Type II patients have a predominance of the hind brain, with lifelong appearances and slower disease progression. Type II patients have more difficulty walking. Many patients have problems with excessive vomiting, difficulty swallowing and speaking

Type I patients predominate in the literature, but this probably reflects a verification bias, as adult patients in particular are often misdiagnosed with other conditions, such as Parkinson's disease or multiple sclerosis. 

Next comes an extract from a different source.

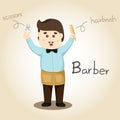 Illustrator of Barber alphabet Profession. Letter B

4. Diagnosis of the disease

Although there are symptoms and clinical elements that may point to Alexander disease, the diagnosis can only be validated by genetic testing. People with symptoms are referred to a specialist in genetics and metabolism who can ensure that a correct diagnosis is made.

5. Genetic counselling

To date, more than 100 different genetic mutations have been identified. In most cases, the genetic mutation causing the disorder is spontaneous, meaning that it is not a mutation passed on by either parent. Therefore, it is unlikely that other children of the same parents will have Alexander disease. Siblings of children with Alexander disease are unlikely to have the disease themselves. Only a few family cases have been reported. It is important to talk to a geneticist or expert on Alexander disease to discuss the likelihood that the disease will be genetically transmitted to other family members.

6. Treatments

To date, there is no definitive treatment for Alexander disease. However, regardless of the form diagnosed, it is important that comprehensive medical care be put in place quickly. Through proactive and comprehensive medical care, patients can avoid unnecessary suffering and complications and have the best possible quality of life.

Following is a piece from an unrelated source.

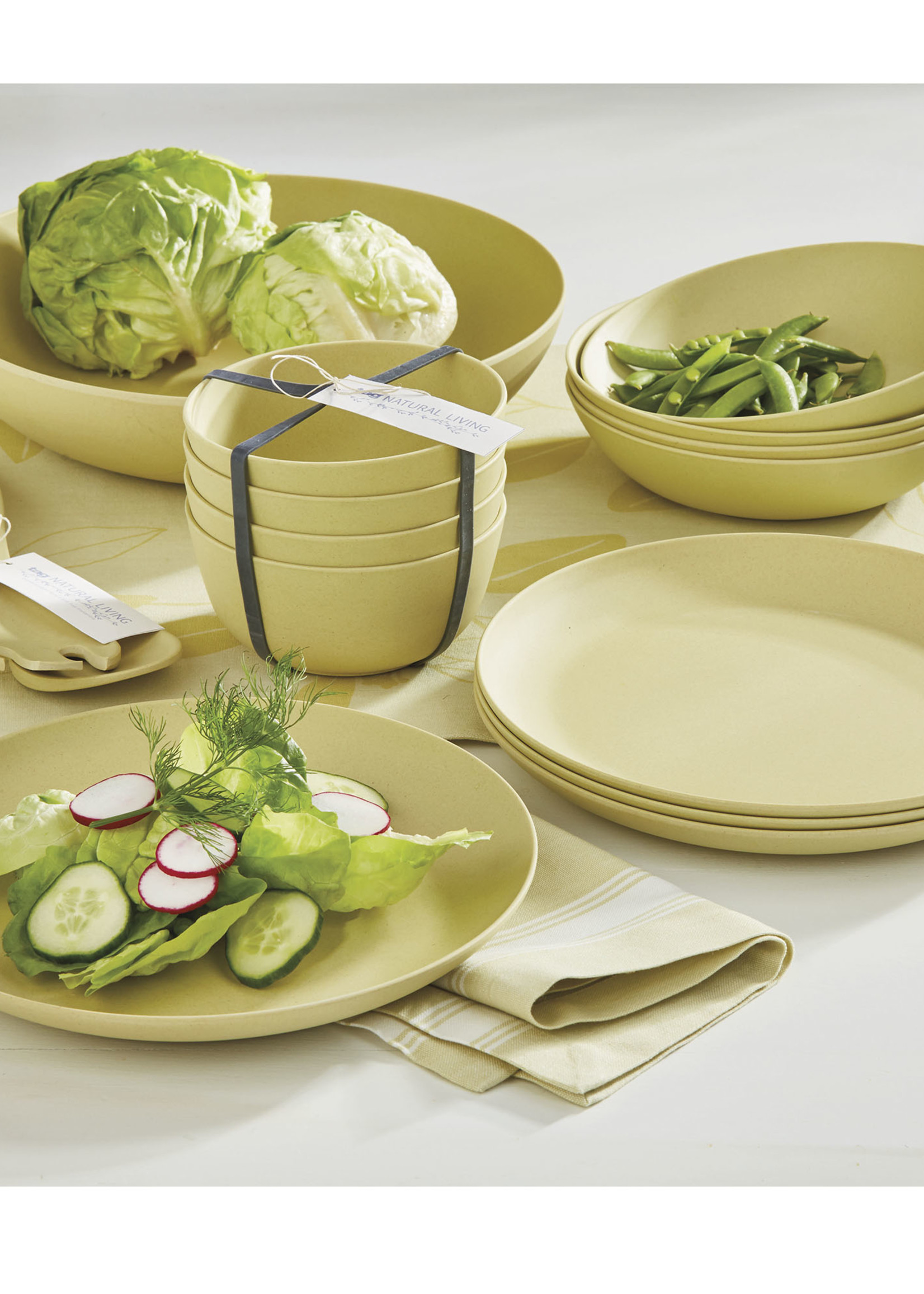 *s/4 Lt Green Bamboo Salad Plates- Design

Particular attention must be paid to the following:

  • General care
  • Ergotherapy and physiotherapy
  • Nutrition
  • Speech therapy
  • Antibiotics for any developed infection
  • Anti-epileptic drugs to get seizures under control


With the absence of a definitive treatment, research continues. An even better understanding of the disease is needed in order to consider treatments.

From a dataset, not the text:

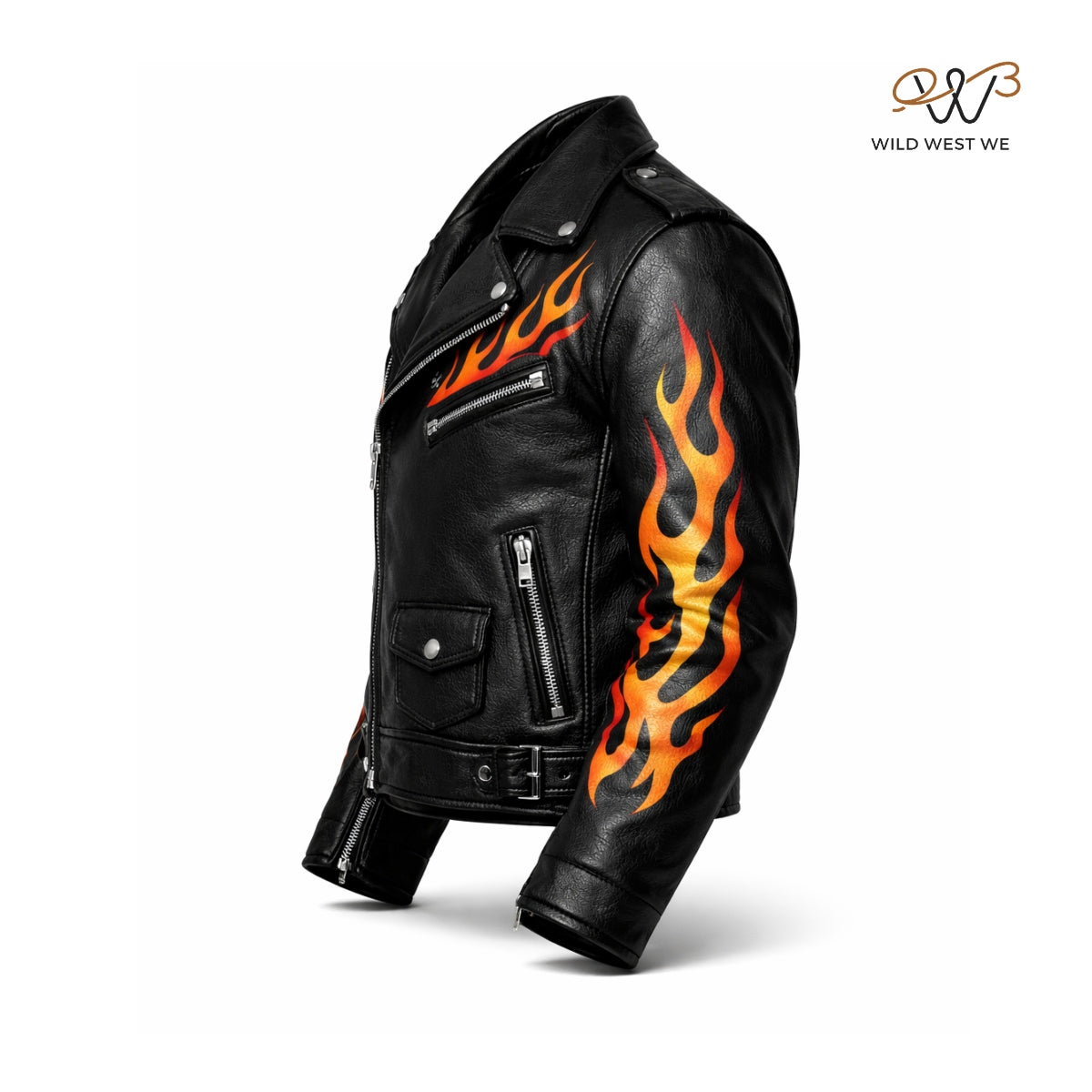 Men’s Black Flame Biker Leather Jacket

  • Antisense oligonucleotides

To treat Alexander disease, researchers are investigating the use of antisense oligonucleotides (ASOs), a technology that suppresses the expression of a particular gene. These treatments are being developed for several diseases, and a first ASO has been approved in Europe and the United States for the treatment of spinal muscular atrophy, a rare neuromuscular disorder.

For Alexander disease, one ASO treatment is already being studied in animals, and the initial results are encouraging. A single injection of ASO into the cerebral ventricle works within a few weeks. Rosenthal fibres disappear and several markers return to near normal levels. These results have generated significant interest in the clinical community and could lead to a formal clinical trial, but much work remains to be done, including assessing the ability of ASOs to produce improvements in motor and behavioural phenotypes.

  • EJP Alexander Disease

As part of its mission to support leukodystrophy research, ELA International is participating in a European Joint Programme for Rare Diseases (EJP Rare Diseases) focusing on Alexander disease. The objective of this 3-year project is to better understand the process of disease initiation and development. It is being led by Professor Elly Hol from the University of Utrecht in the Netherlands and involves 7 research teams from 6 different countries (Sweden, Czech Republic, Israel, Spain, Luxembourg, New Zealand). The synergy of expertise and knowledge and the cross-border enhancement of resources are strengths of these European programmes with which ELA is associated.


There are still many grey areas around Alexander disease, both in terms of understanding the mechanisms of the disease and in the search for treatments. Only 500 cases have been described worldwide, making it an extremely rare disease and complicating research. Today's physicians are committed to better managing these patients through proactive and comprehensive medical care and to providing the best possible quality of life for these patients. Research continues, with the support of ELA, to hope for solutions tomorrow.